----- Available records

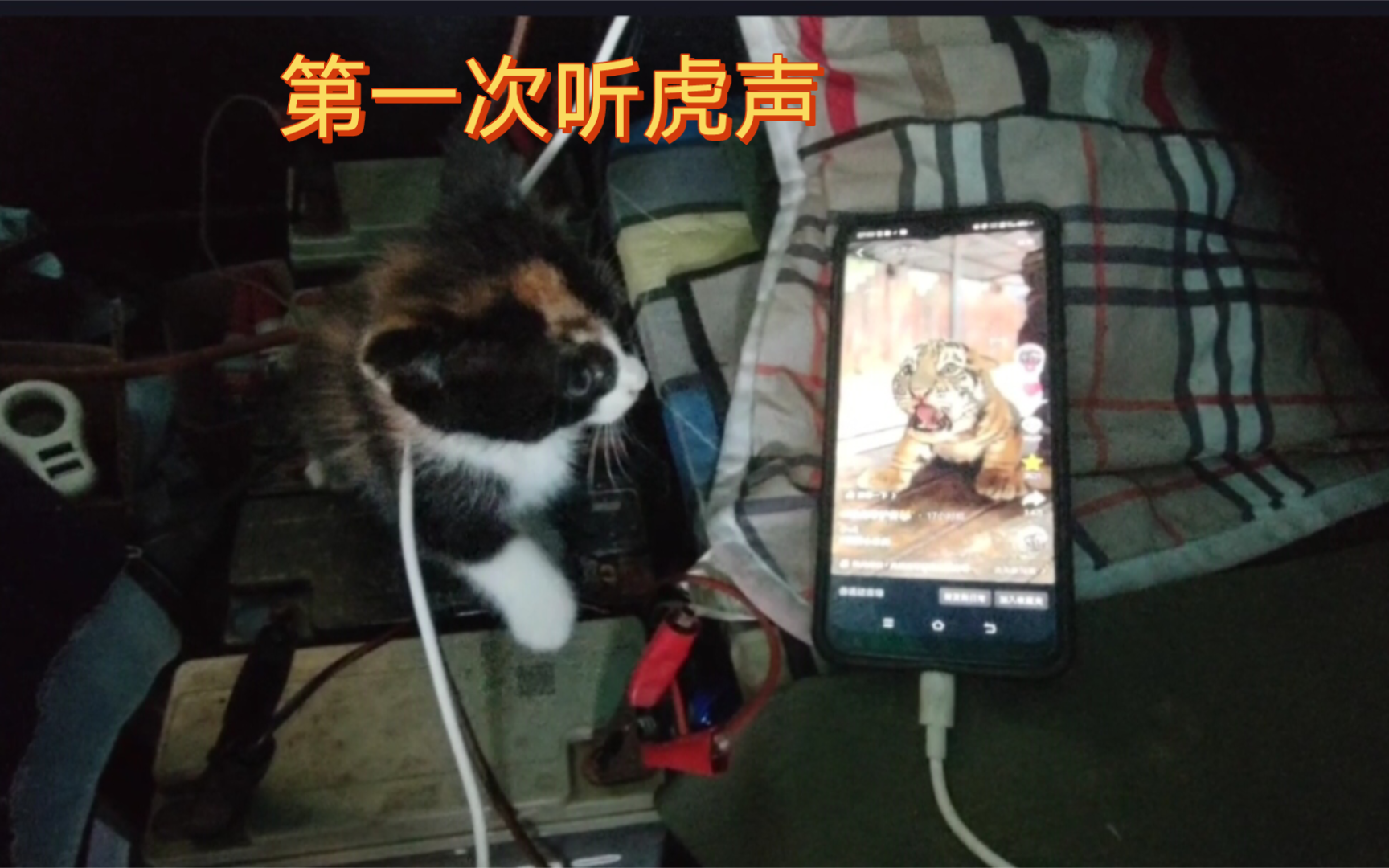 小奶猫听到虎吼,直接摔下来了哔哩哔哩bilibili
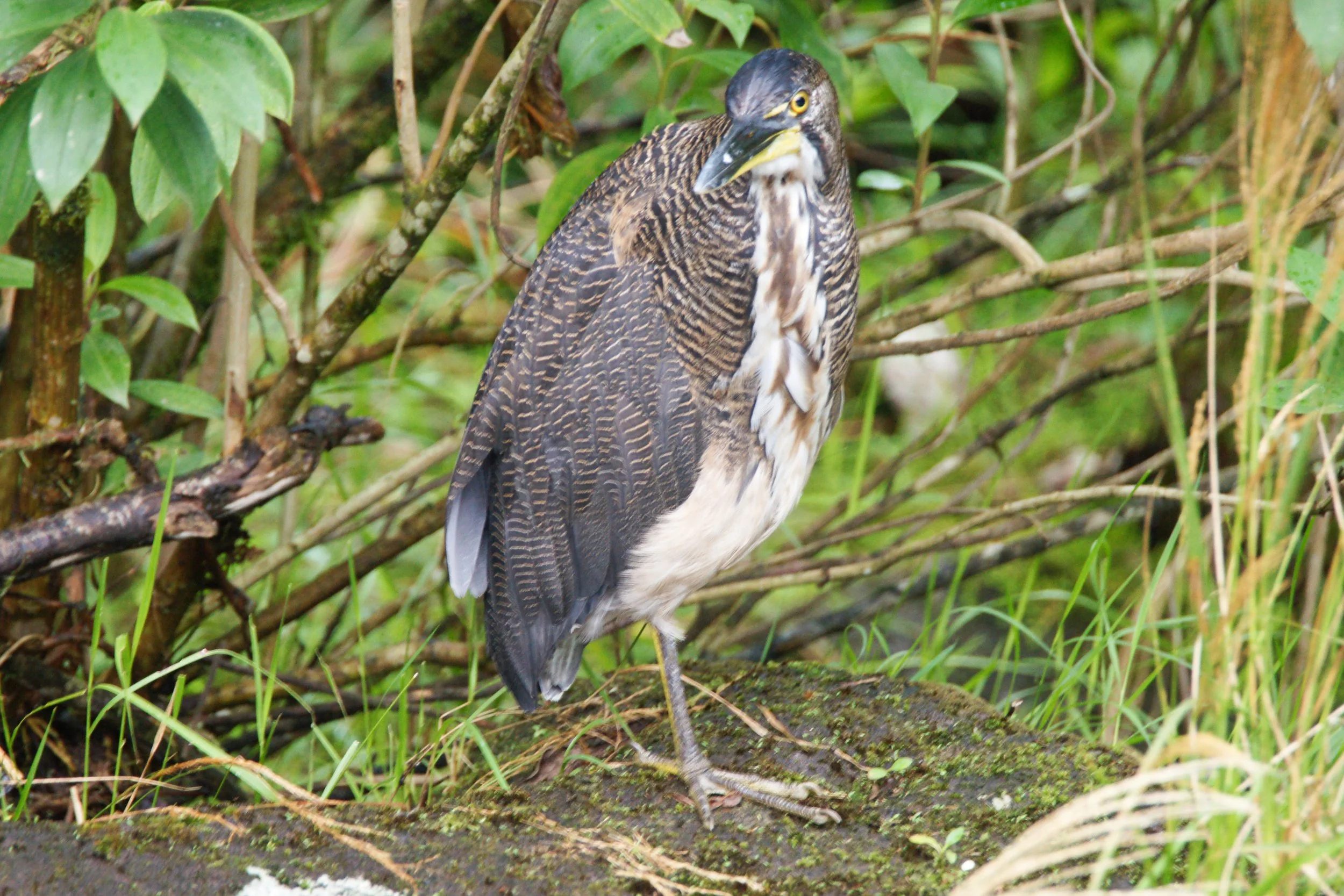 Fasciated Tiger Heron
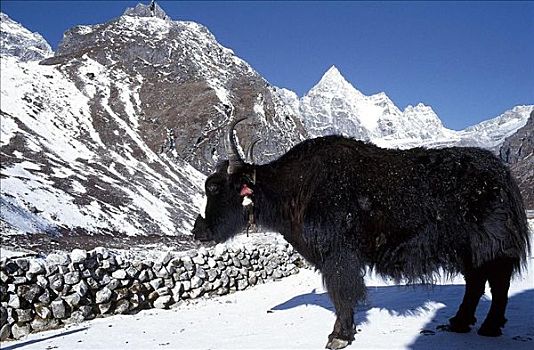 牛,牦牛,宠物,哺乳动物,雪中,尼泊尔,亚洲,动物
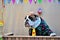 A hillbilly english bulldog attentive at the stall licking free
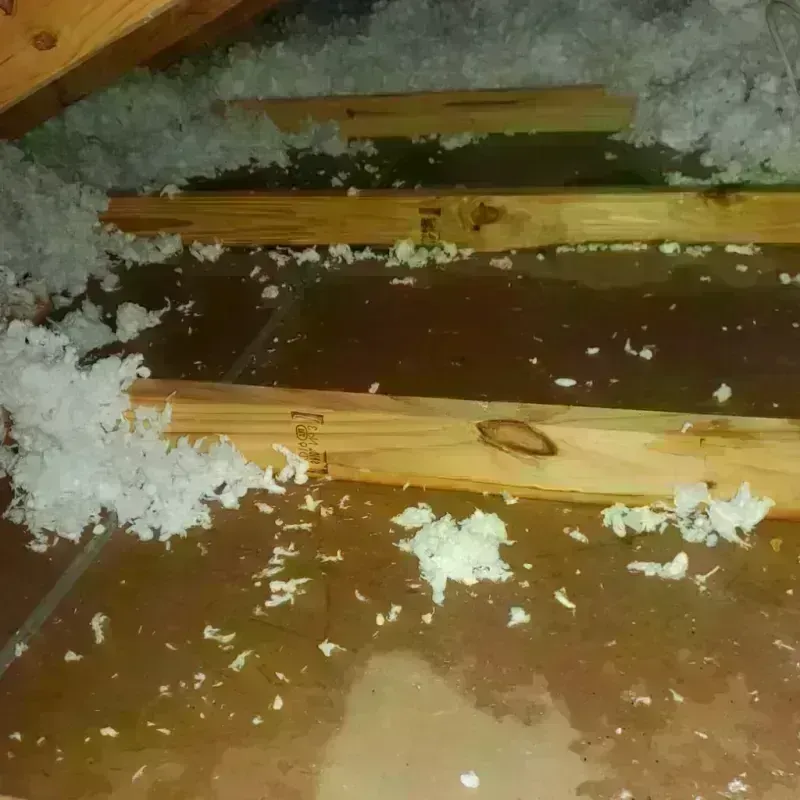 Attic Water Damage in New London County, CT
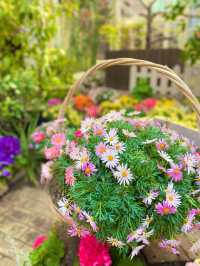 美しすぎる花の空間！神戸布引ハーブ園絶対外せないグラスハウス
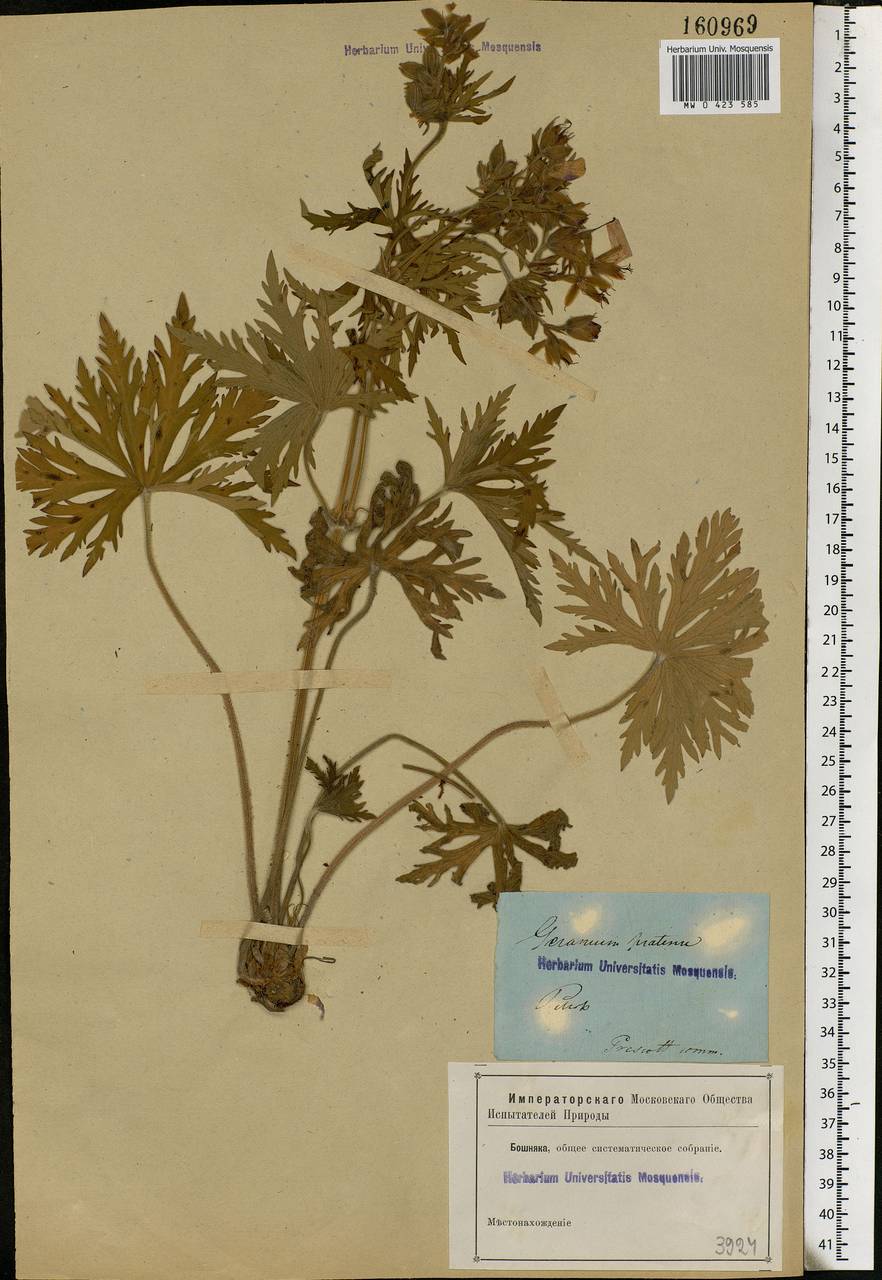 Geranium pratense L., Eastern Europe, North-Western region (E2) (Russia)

----------

What the task requires - Pick up at the line that holds "A hillbilly english" and restate each line, word for word, through the last line of the entries. Include both end lines but none of the pictures.

Answer to the problem -
 A hillbilly english bulldog attentive at the stall licking free
 Attic Water Damage in New London County, CT
 美しすぎる花の空間！神戸布引ハーブ園絶対外せないグラスハウス
 Geranium pratense L., Eastern Europe, North-Western region (E2) (Russia)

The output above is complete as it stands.